* Brief
In the listing below, find every line with the string "tiÓu" and pull it out.
Data records: Begin
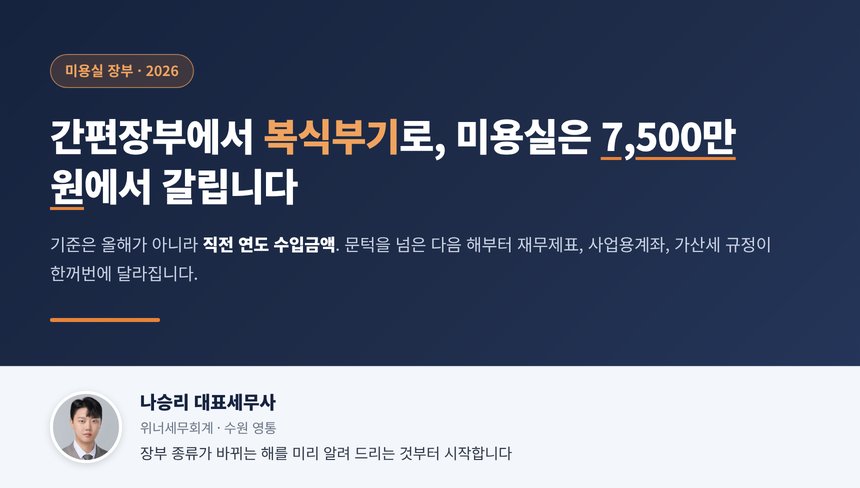 미용실 복식부기 세무사, 직전 연도 수입금액 7,500만 원이 문턱이고 간편장부대상자가 복식부기로 기장하면 산출세액의 20%를 100만 원 한도로 공제받으며 의무자가 재무제표 없이 신고하면 신고하지 않은 것으로 봅니다
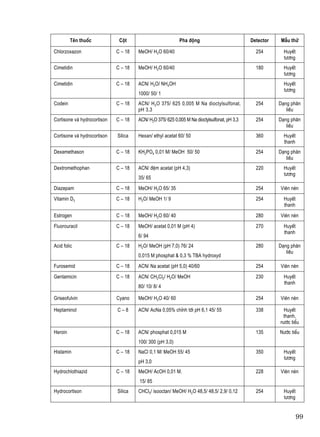 Tªn thuèc            Cét                          Pha ®éng                          Detector   MÉu thö

Chlorzoxazon                 C – 18   MeOH/ H2O 60/40                                          254        HuyÕt
                                                                                                          t−¬ng
Cimetidin                    C – 18   MeOH/ H2O 60/40                                          180        HuyÕt
                                                                                                          t−¬ng
Cimetidin                    C – 18   ACN/ H2O/ NH4OH                                                     HuyÕt
                                                                                                          t−¬ng
                                      1000/ 50/ 1
Codein                       C – 18   ACN/ H 2 O 375/ 625 0,005 M Na dioctylsulfonat,          254      D¹ng ph©n
                                      pH 3,3                                                               liÒu
Cortisone vµ hydrocortison   C – 18   ACN/ H2O 375/ 625 0,005 M Na dioctylsulfonat, pH 3,3     254      D¹ng ph©n
                                                                                                           liÒu
Cortisone vµ hydrocortison   Silica   Hexan/ ethyl acetat 60/ 50                               360        HuyÕt
                                                                                                          thanh
Dexamethason                 C – 18   KH2PO4 0,01 M/ MeOH 50/ 50                               254      D¹ng ph©n
                                                                                                           liÒu
Dextromethophan              C – 18   ACN/ ®Öm acetat (pH 4,3)                                 220        HuyÕt
                                                                                                          t−¬ng
                                      35/ 65
Diazepam                     C – 18   MeOH/ H2O 65/ 35                                         254      Viªn nÐn
Vitamin D3                   C – 18   H2O/ MeOH 1/ 9                                           254        HuyÕt
                                                                                                          thanh
Estrogen                     C – 18   MeOH/ H2O 60/ 40                                         280      Viªn nÐn
Fluorouracil                 C – 18   MeOH/ acetat 0,01 M (pH 4)                               270        HuyÕt
                                                                                                          thanh
                                      6/ 94
Acid folic                   C – 18   H2O/ MeOH (pH 7,0) 76/ 24                                280      D¹ng ph©n
                                                                                                           liÒu
                                      0,015 M phosphat & 0,3 % TBA hydroxyd
Furosemid                    C – 18   ACN/ Na acetat (pH 5,0) 40/60                            254      Viªn nÐn
Gentamicin                   C – 18   ACN/ CH2Cl2/ H2O/ MeOH                                   230        HuyÕt
                                                                                                          thanh
                                      80/ 10/ 8/ 4

Griseofulvin                 Cyano    MeOH/ H2O 40/ 60                                         254      Viªn nÐn

Heptaminol                   C–8      ACN/ AcNa 0,05% chØnh tíi pH 6,1 45/ 55                  338       HuyÕt
                                                                                                         thanh,
                                                                                                        n−íc tiÓu
Heroin                       C – 18   ACN/ phosphat 0,015 M                                    135      N−íc tiÓu
                                      100/ 300 (pH 3,0)
Histamin                     C – 18   NaCl 0,1 M/ MeOH 55/ 45                                  350        HuyÕt
                                                                                                          t−¬ng
                                      pH 3,0
Hydrochlothiazid             C – 18   MeOH/ AcOH 0,01 M.                                       228      Viªn nÐn
                                      15/ 85
Hydrocortison                Silica   CHCl3/ isooctan/ MeOH/ H2O 48,5/ 48,5/ 2,9/ 0,12         254        HuyÕt
                                                                                                          t−¬ng


                                                                                                                  99
 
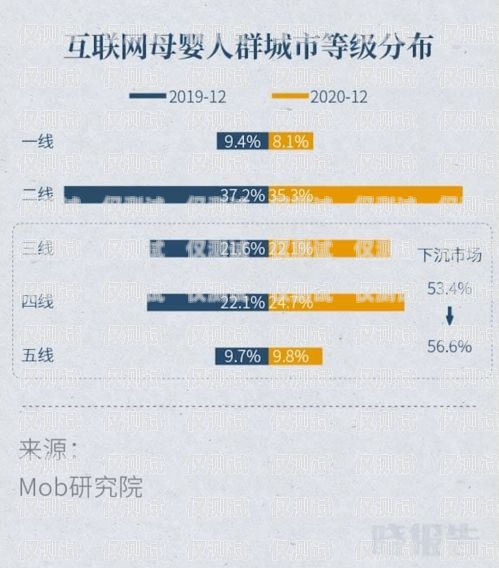 2020 電銷還會(huì)封卡嗎？2020電銷還會(huì)封卡嗎知乎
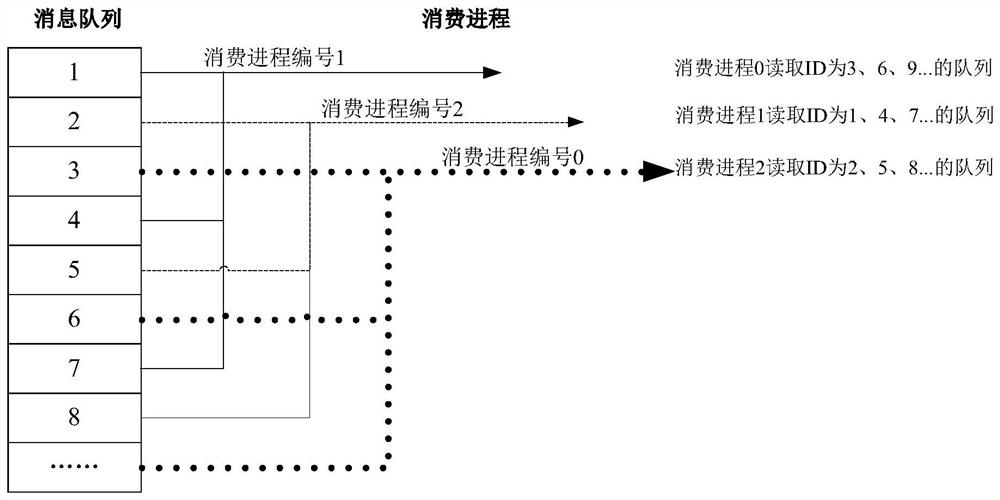 Consumption method, device, server and medium based on database message queue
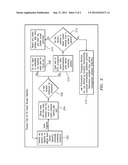 METHOD AND SYSTEM FOR ON-BOARD VEHICLE DETECTION OF HARMFUL MATERIAL diagram and image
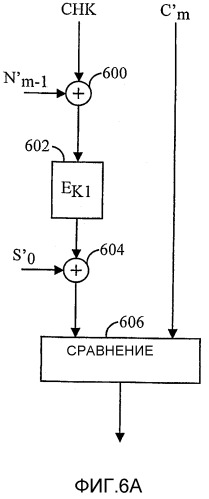 Эффективное шифрование и аутентификация для систем обработки данных (патент 2336646)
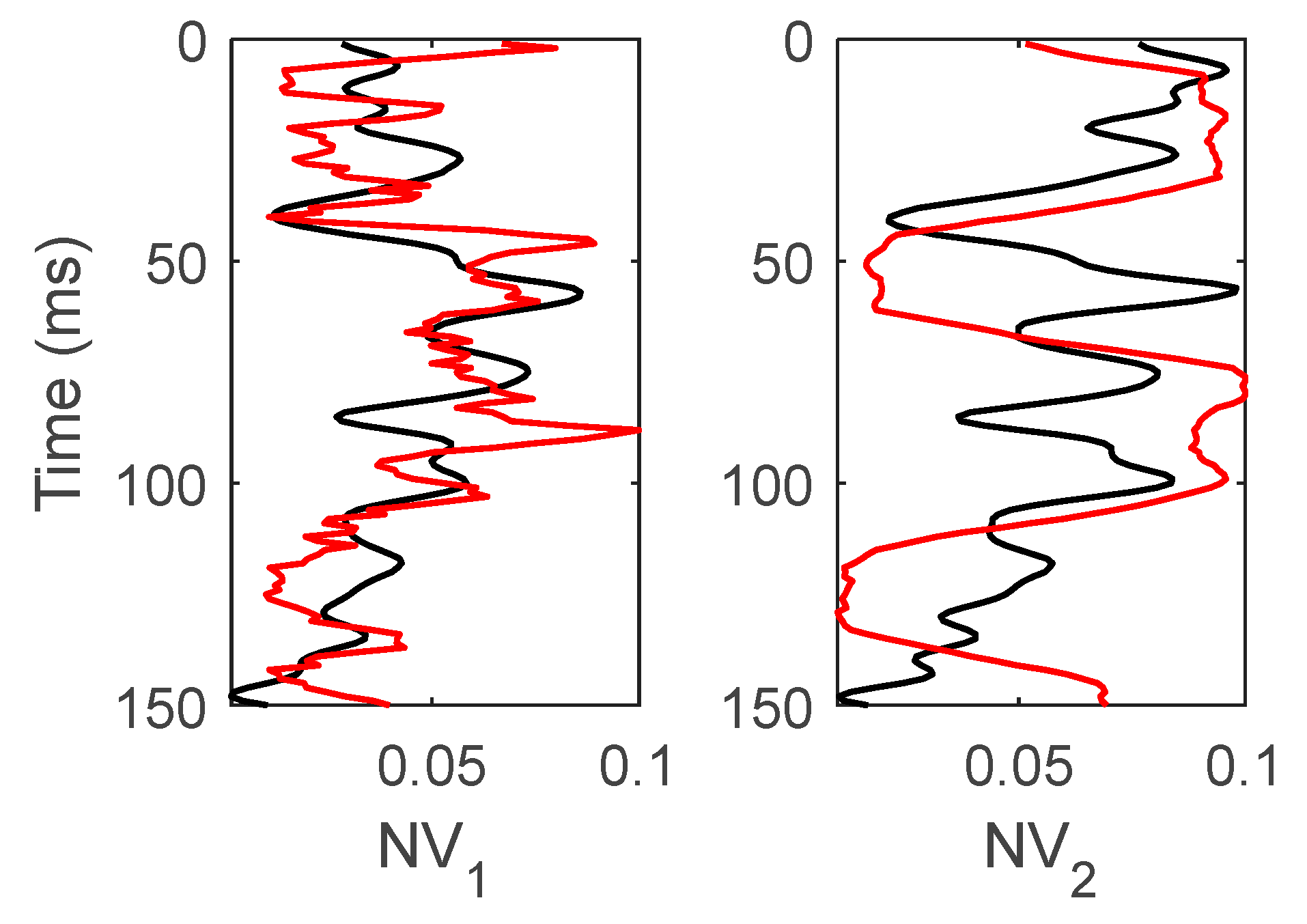 Applsci 10 05136 g007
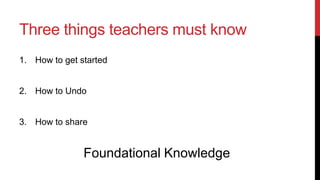 Teachers do not have to be
experts in technology

Teachers need to be experts in teaching
with some knowledge of technology

 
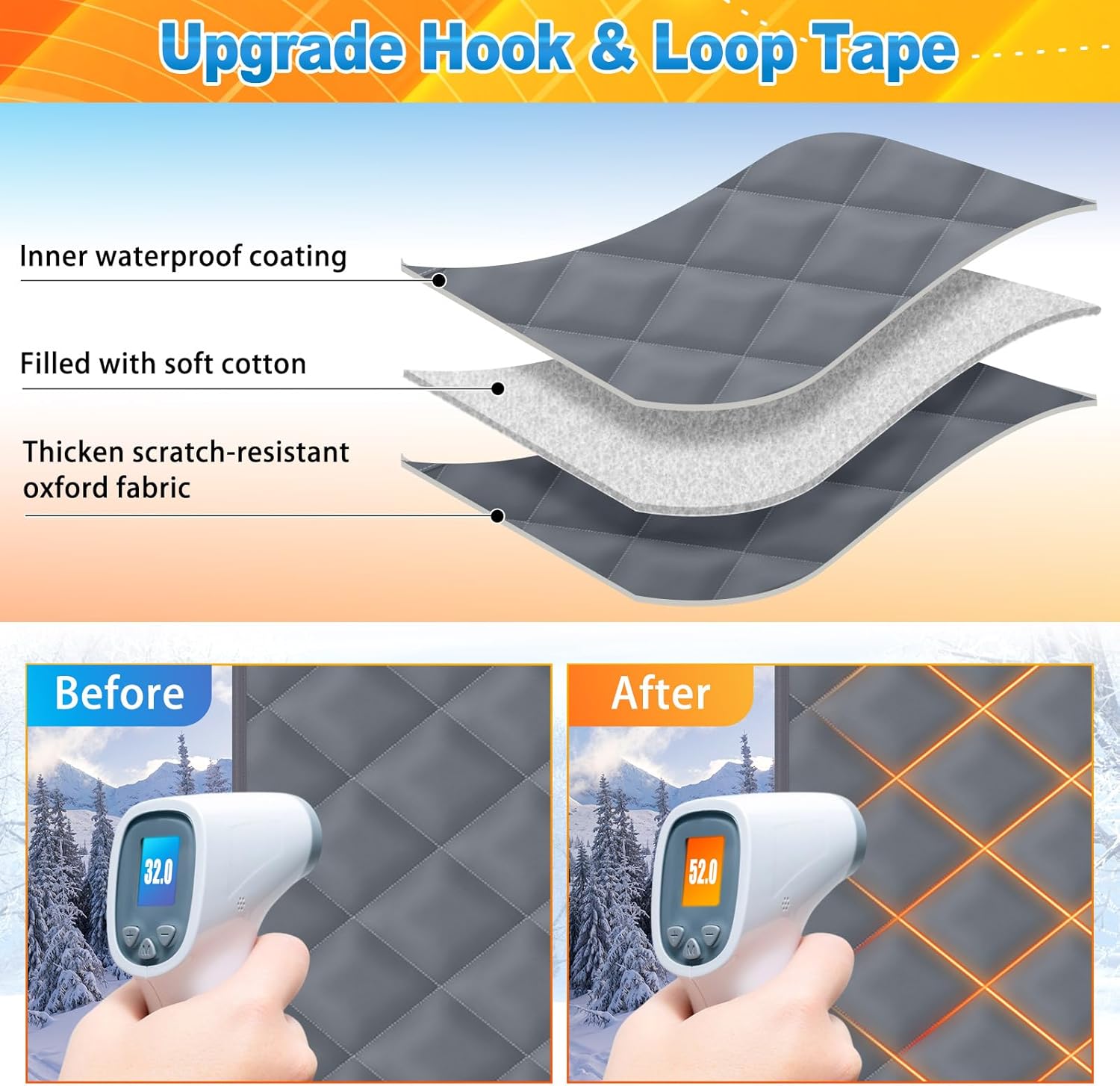 2 Pcs 63 x 39 Inches Window Insulation Curtain Kit Winter Thermal Window Cover with Fastener Oxford Cloth 2 Layer Thick Cotton Filled Loop Strips Insulation Kit for Keeping Warm (Dark Gray)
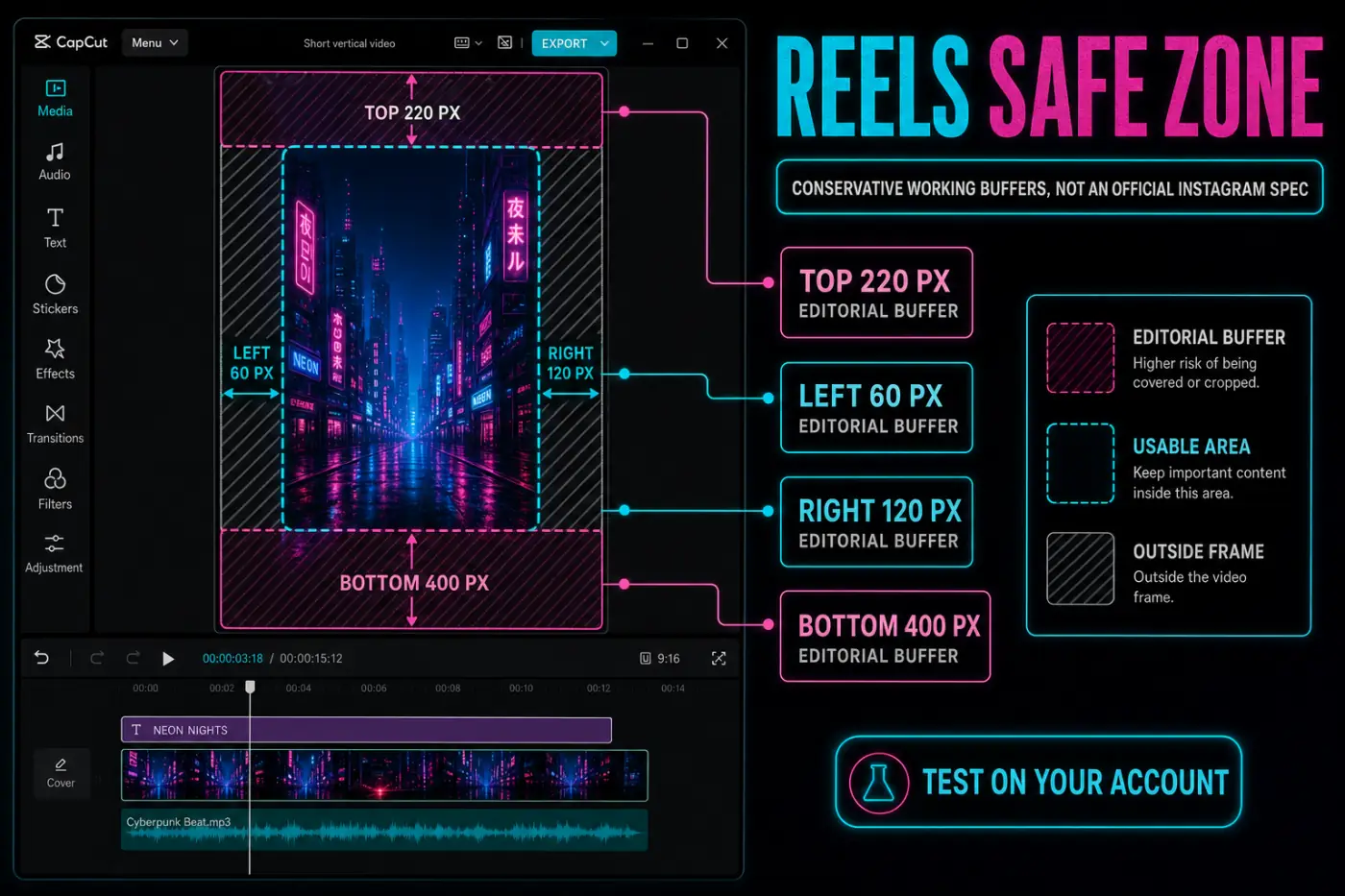 Instagram Reels editorial safe-zone overlay positioned in CapCut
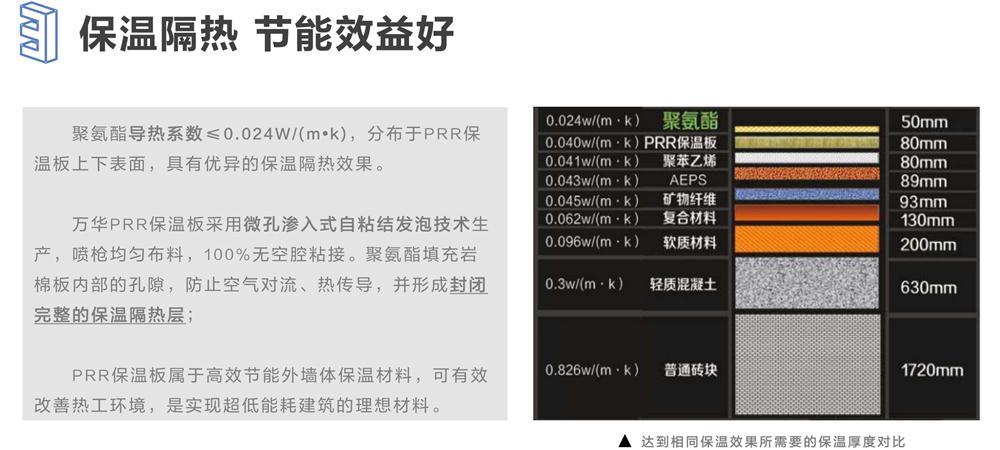 萬(wàn)華PRR保溫板：A級(jí)，豎絲巖棉與硬泡聚氨酯復(fù)合一體！(圖6)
Data records: End
* Exercise output
                                                                                                        n−íc tiÓu
Heroin                       C – 18   ACN/ phosphat 0,015 M                                    135      N−íc tiÓu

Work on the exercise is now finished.